▶ DATA PROVIDED:
-=-=-
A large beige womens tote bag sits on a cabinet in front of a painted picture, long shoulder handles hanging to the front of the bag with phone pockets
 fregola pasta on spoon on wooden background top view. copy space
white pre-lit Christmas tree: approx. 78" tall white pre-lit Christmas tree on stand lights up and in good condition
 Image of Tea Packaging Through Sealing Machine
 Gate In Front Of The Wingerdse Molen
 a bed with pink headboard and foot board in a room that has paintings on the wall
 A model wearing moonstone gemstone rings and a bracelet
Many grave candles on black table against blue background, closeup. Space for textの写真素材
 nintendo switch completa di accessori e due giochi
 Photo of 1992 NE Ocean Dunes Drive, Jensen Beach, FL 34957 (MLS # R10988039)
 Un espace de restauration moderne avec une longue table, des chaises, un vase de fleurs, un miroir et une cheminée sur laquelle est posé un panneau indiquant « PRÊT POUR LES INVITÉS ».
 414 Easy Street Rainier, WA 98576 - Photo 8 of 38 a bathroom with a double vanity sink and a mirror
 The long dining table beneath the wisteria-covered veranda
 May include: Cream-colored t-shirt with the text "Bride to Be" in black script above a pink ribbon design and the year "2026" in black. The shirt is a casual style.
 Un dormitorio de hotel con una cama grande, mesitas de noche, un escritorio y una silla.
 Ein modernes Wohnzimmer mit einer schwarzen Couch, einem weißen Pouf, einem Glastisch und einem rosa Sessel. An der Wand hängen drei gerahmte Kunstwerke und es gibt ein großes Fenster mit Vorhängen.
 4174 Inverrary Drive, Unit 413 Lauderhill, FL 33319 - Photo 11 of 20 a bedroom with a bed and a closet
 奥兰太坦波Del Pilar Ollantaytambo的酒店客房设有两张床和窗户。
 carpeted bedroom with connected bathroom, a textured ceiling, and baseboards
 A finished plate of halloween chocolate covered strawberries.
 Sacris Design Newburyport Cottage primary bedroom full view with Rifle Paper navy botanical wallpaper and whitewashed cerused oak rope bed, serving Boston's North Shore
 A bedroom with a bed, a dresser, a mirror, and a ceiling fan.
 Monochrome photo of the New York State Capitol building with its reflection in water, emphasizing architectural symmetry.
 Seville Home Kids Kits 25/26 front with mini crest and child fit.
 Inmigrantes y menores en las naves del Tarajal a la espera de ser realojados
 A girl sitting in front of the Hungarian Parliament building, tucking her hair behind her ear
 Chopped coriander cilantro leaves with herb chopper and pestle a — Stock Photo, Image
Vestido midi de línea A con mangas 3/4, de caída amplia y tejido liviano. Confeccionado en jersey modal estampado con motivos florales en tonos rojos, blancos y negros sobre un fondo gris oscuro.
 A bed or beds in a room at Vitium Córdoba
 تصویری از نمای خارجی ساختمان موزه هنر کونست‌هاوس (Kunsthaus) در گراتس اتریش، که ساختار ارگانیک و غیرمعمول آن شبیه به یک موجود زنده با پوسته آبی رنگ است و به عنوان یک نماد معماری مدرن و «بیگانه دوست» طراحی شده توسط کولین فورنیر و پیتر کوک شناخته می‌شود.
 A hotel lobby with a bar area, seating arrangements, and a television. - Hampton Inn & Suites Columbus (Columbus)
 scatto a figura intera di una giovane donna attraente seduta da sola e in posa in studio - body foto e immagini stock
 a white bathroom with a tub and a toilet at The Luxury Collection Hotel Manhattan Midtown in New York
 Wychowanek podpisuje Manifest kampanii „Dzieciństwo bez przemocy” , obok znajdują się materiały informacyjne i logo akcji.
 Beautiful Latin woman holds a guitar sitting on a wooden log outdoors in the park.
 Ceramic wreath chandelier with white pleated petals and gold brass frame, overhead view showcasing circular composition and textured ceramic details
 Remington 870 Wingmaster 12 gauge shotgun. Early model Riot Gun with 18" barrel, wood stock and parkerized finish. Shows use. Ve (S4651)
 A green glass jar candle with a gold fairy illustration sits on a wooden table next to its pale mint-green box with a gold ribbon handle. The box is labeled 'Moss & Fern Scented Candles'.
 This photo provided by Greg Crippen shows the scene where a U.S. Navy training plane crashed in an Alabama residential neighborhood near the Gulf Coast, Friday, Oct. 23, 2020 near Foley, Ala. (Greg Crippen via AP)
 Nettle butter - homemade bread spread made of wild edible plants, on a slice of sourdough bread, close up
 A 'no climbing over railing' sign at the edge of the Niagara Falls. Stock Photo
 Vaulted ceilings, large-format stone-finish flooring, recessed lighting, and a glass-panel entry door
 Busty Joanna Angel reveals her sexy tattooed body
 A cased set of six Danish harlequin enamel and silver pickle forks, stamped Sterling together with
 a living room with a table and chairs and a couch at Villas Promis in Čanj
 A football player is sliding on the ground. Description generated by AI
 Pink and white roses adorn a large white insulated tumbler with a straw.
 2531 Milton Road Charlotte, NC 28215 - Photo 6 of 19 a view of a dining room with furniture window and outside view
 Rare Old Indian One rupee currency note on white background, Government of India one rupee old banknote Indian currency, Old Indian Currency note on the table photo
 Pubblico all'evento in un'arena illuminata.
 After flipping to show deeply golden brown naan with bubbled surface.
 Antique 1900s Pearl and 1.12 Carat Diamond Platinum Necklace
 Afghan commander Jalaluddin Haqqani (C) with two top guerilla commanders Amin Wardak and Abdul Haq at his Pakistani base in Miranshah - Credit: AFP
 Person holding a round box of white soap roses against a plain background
-=-=-
▶ HOW TO COMPLETE THIS TASK: Find the word "York" in the entries, then copy out every line that has it.

▶ EXERCISE OUTPUT:
 Monochrome photo of the New York State Capitol building with its reflection in water, emphasizing architectural symmetry.
 a white bathroom with a tub and a toilet at The Luxury Collection Hotel Manhattan Midtown in New York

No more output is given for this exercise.